(Source data)

------------------------------

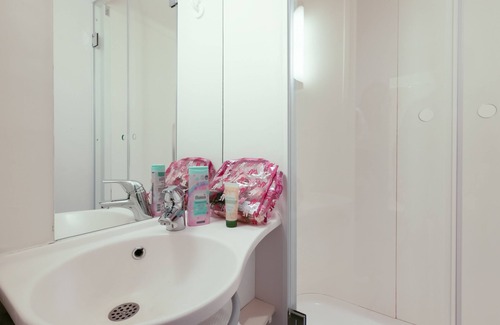 Villemomble Hotel | Budget-Friendly ibis budget Villemomble with Spa & Breakfast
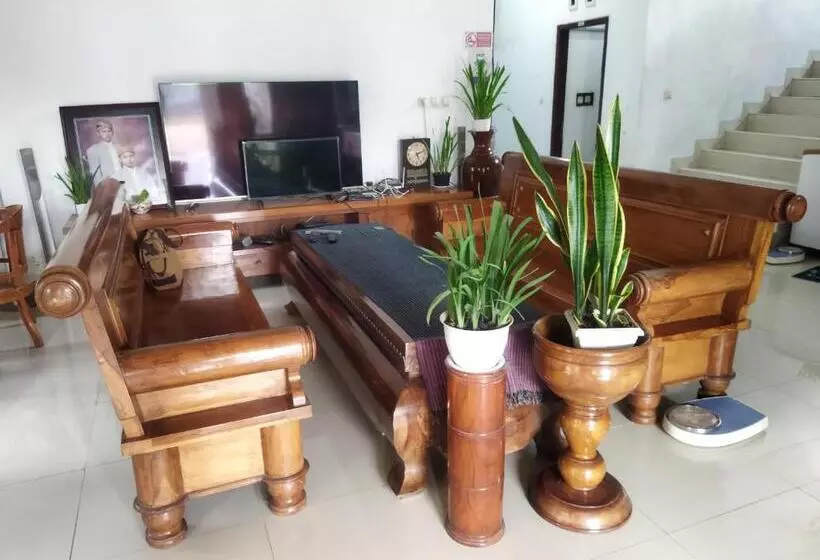 Hotel Putra Kembar
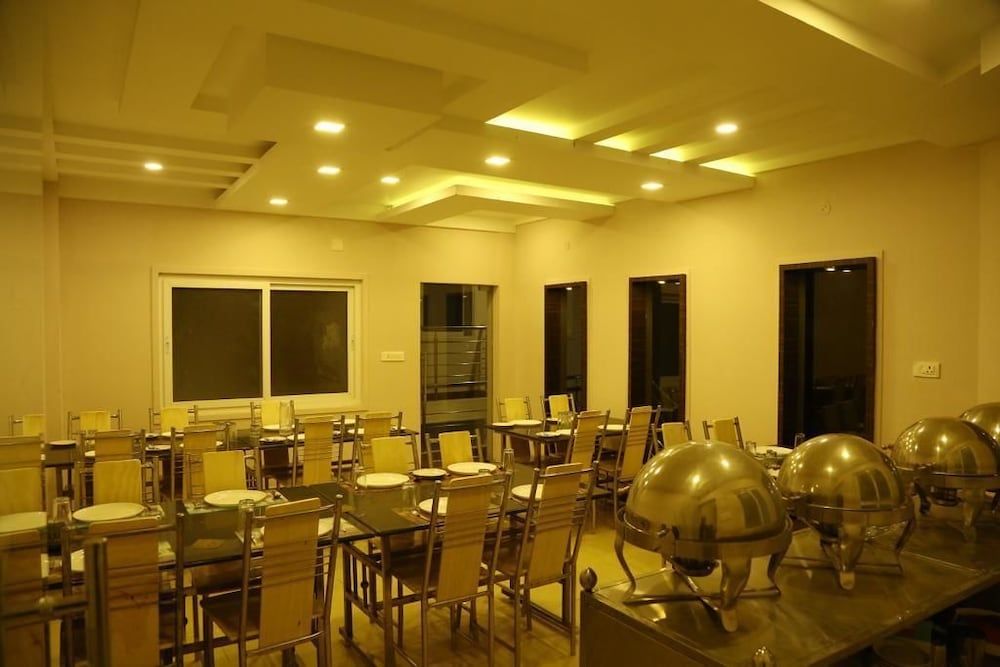 undefined Hotel Oriental Grand 10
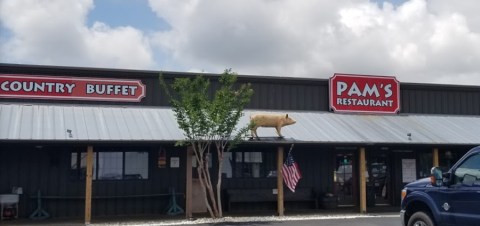 Pam's Restaurant Is An All-You-Can-Eat Buffet In South Carolina That's Full Of Southern Flavor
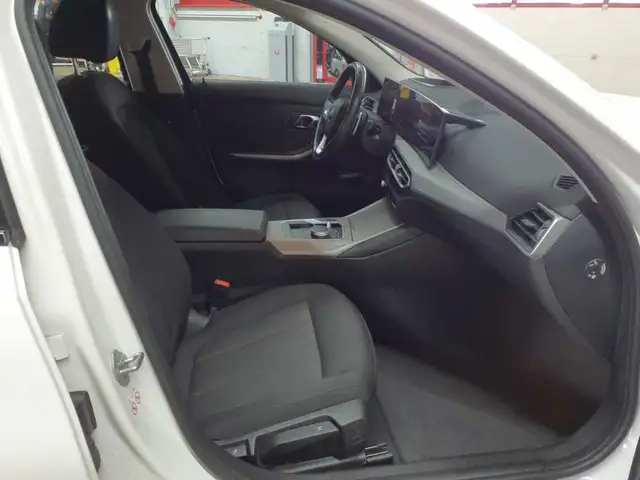 BMW 3 Series view 8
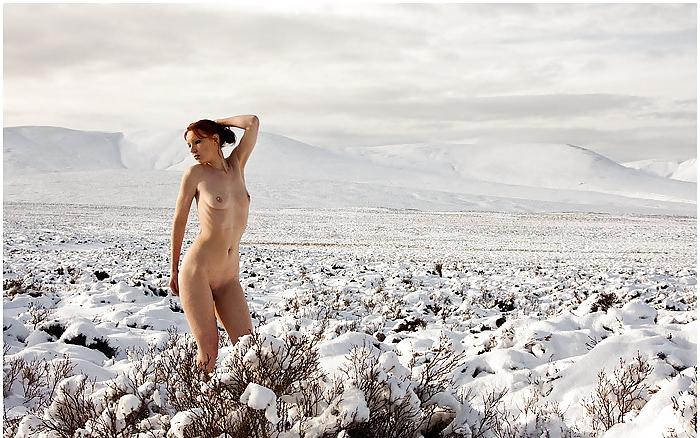 25P Snow girls 8: from Erotic 7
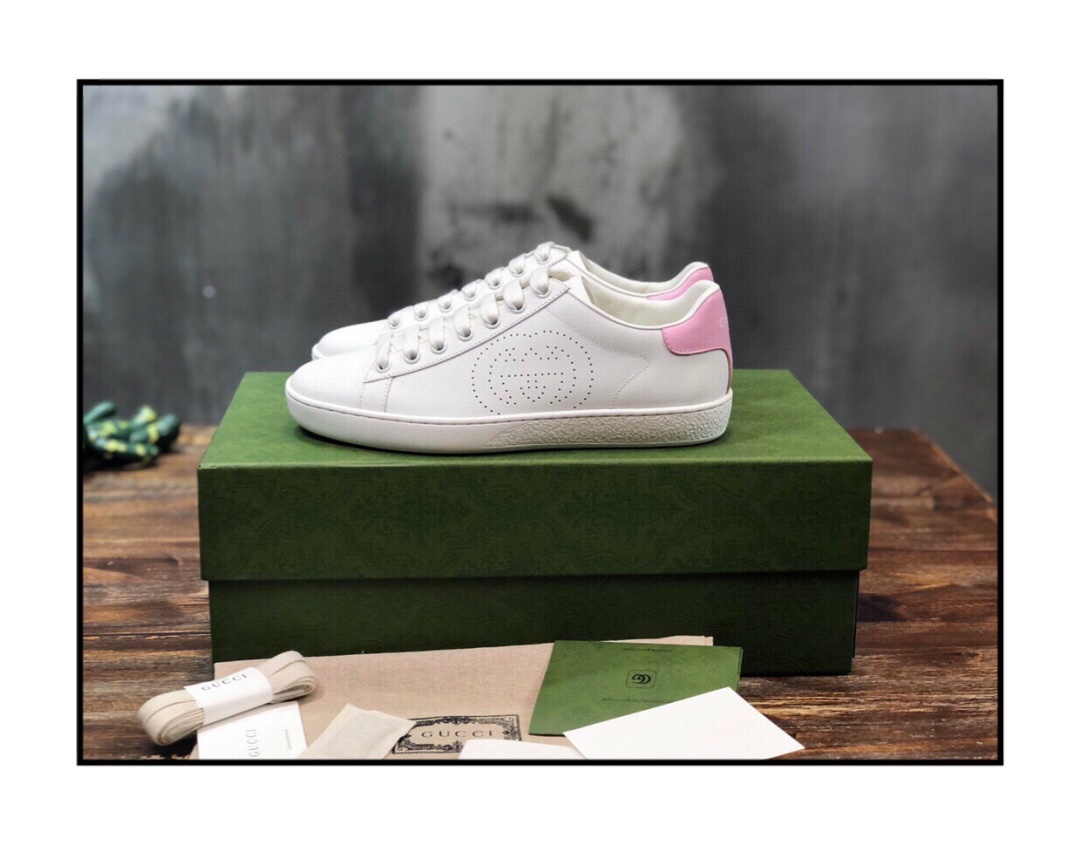 G*u*i flats 64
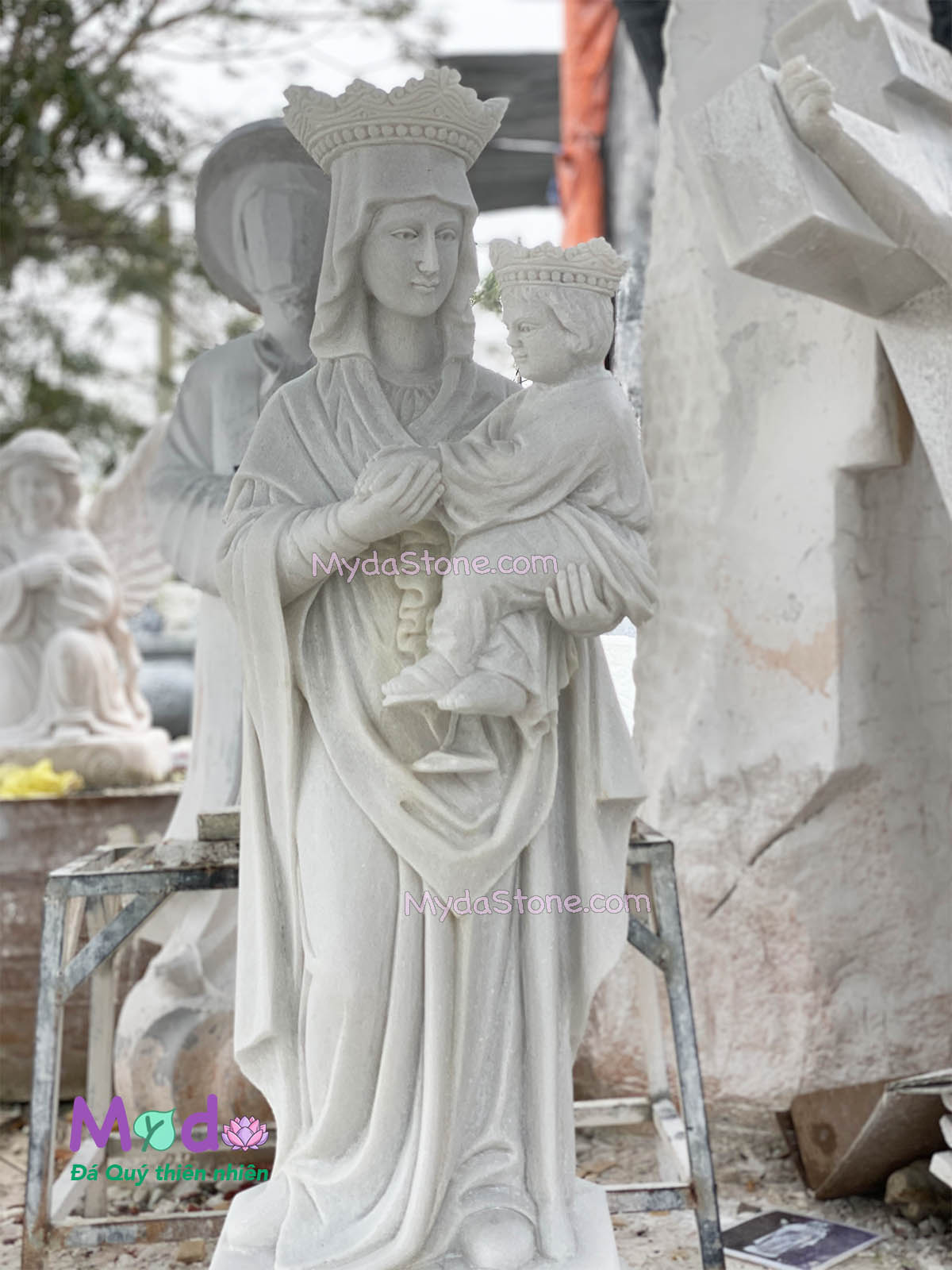 Tượng Đức Mẹ Hằng Cứu Giúp bằng đá Cẩm Thạch Trắng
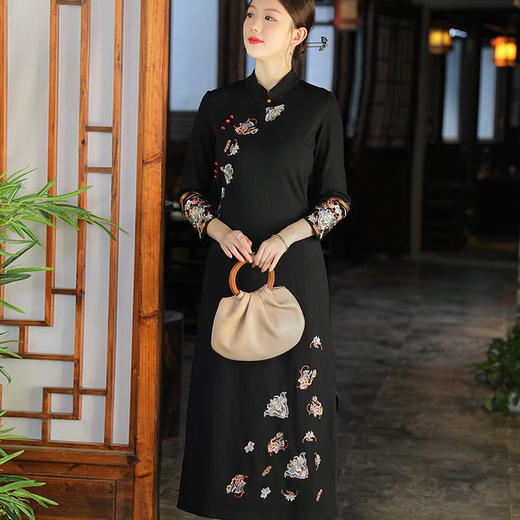 上海旗袍厂KDS-2176中国风女装秋冬新款立领刺绣罗马棉修身中长款连衣裙改良旗袍 商品图0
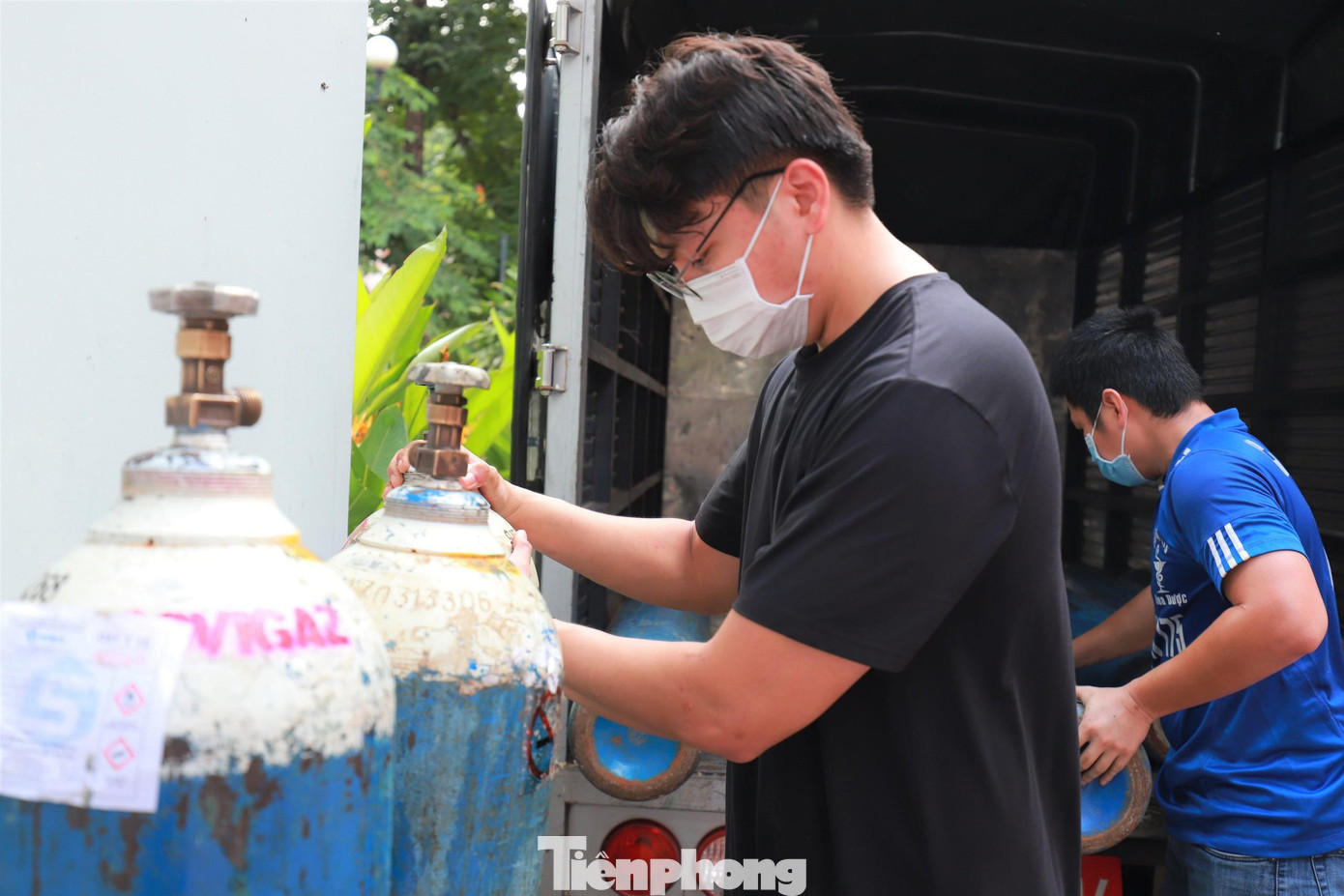Lực lượng nhân viên y tế, quân y cấp tập làm việc không nghỉ để nhanh chóng hoàn thành việc thiết lập Trung tâm.
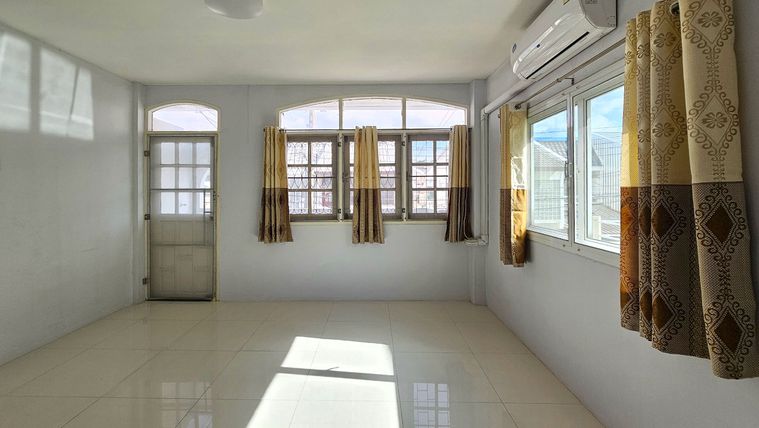 2-bed townhouse for rent, 150 sqm, 18 sq wah, Wang Thonglang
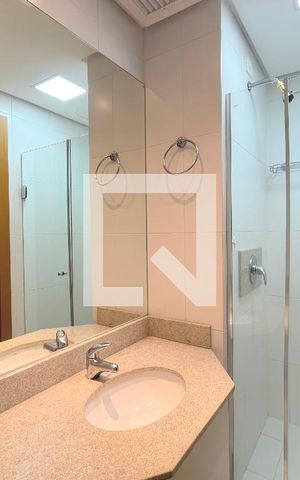 Apartamento à venda com 75m², 2 quartos e 1 vaga Apartamento à venda com 75m², 2 quartos e 1 vagaBanheiro
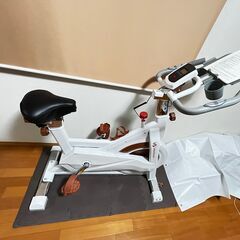 引き取り限定フィットネスバイク　エアロバイク　スピンバイク　静音設計　負荷調整機能の画像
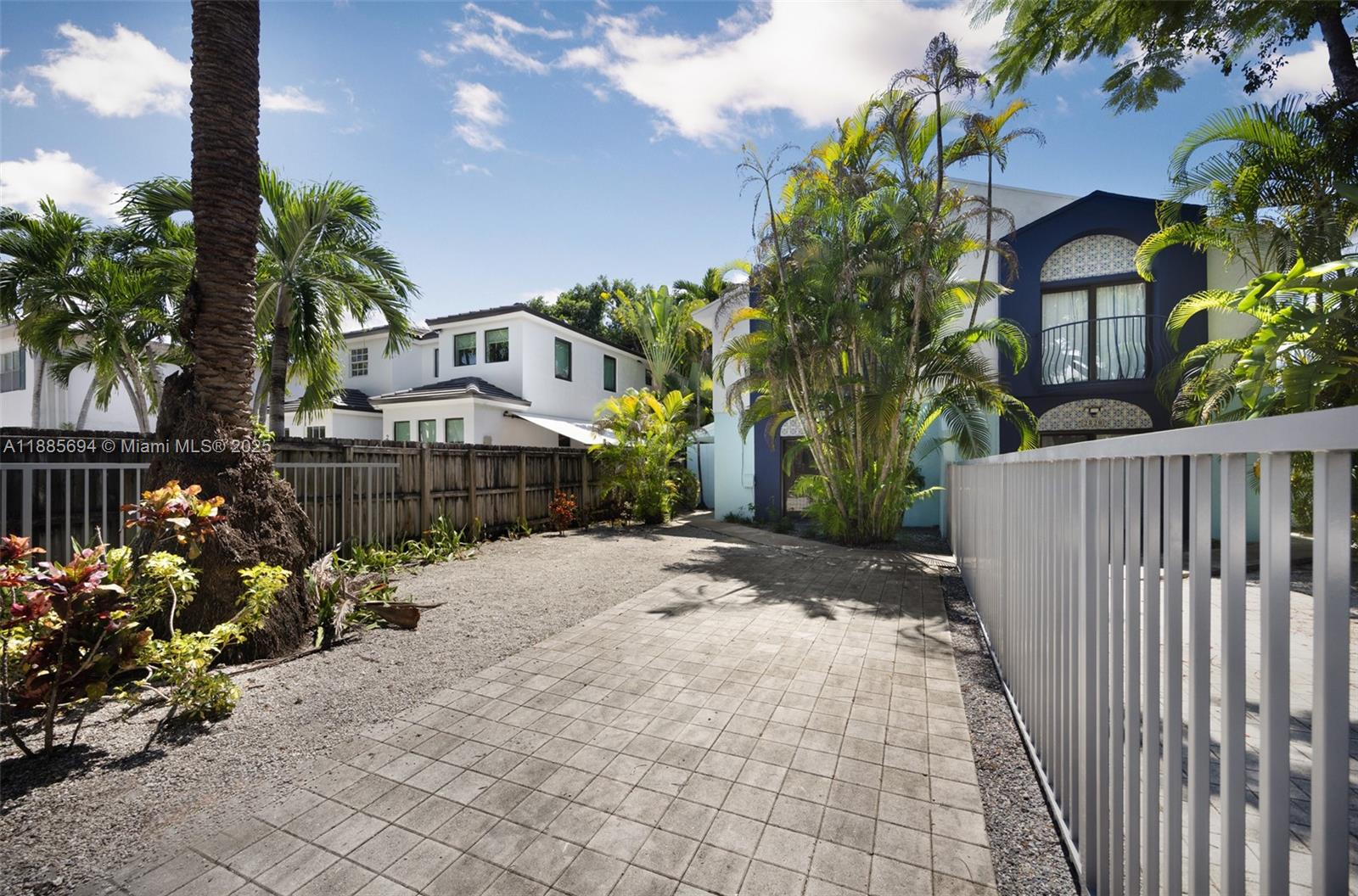2818 W Trade Ave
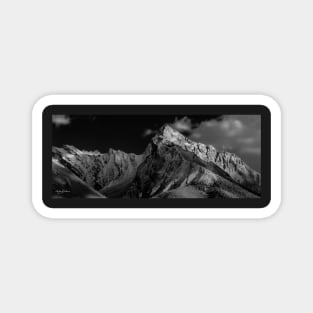 Maligne Lake mountains Magnet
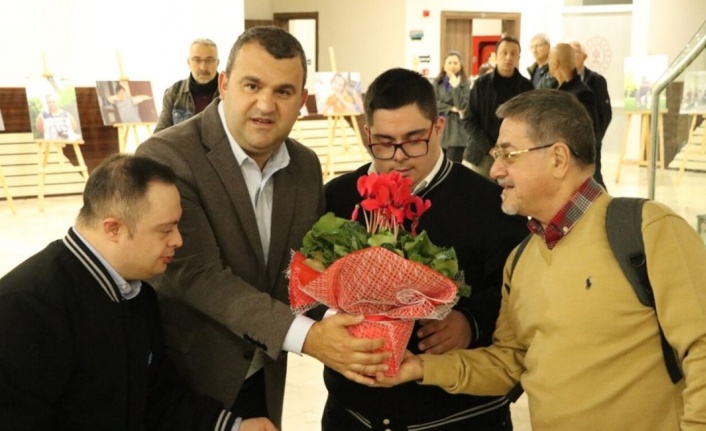 "down sendromluların gözünden" fotoğraf sergisi açıldı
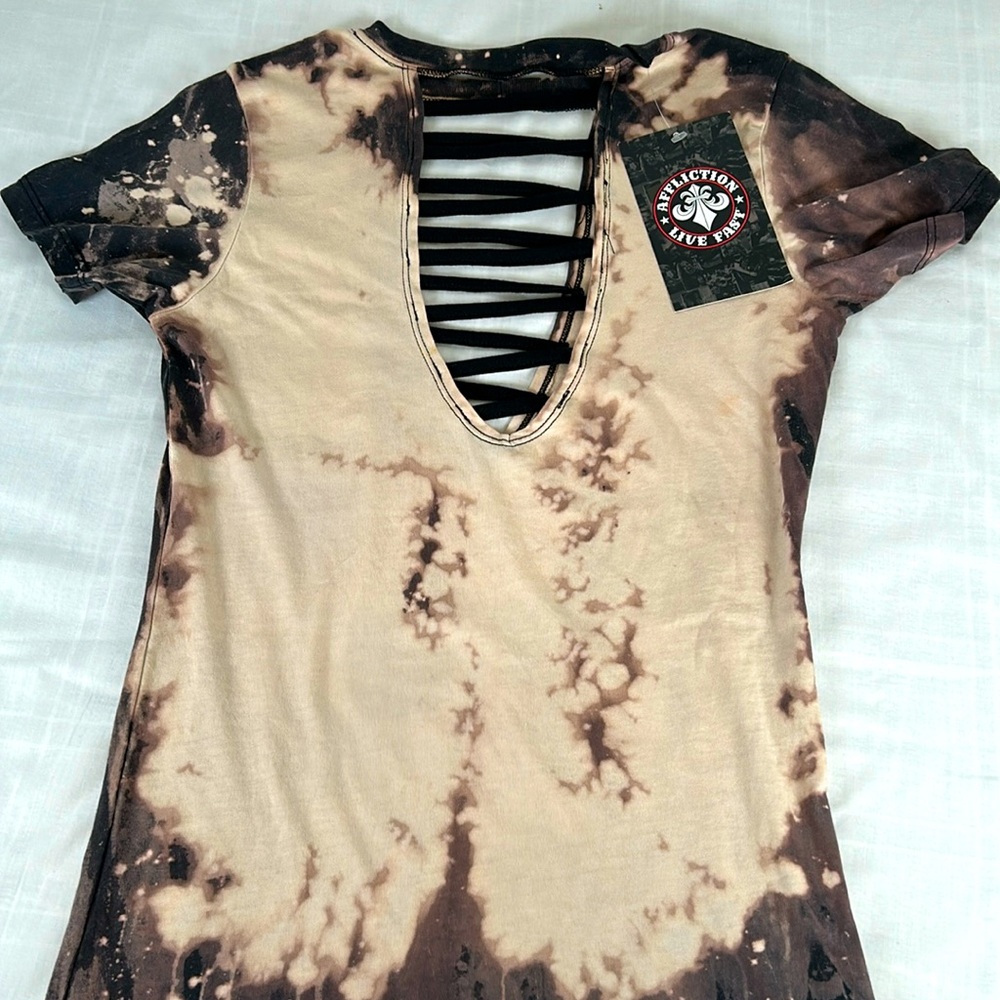 AFFLICTION NWT women’s S tie die t-shirt punk short sleeve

------------------------------

WHAT YOU ARE ASKED TO DO = Where a picture appears in the records above, omit it, and transcribe exactly the stretch of lines from the one with "上海旗袍厂KDS-2176中" through the one with "2-bed townhouse for".

SOLUTION TO THE PROBLEM =
 上海旗袍厂KDS-2176中国风女装秋冬新款立领刺绣罗马棉修身中长款连衣裙改良旗袍 商品图0
Lực lượng nhân viên y tế, quân y cấp tập làm việc không nghỉ để nhanh chóng hoàn thành việc thiết lập Trung tâm.
 2-bed townhouse for rent, 150 sqm, 18 sq wah, Wang Thonglang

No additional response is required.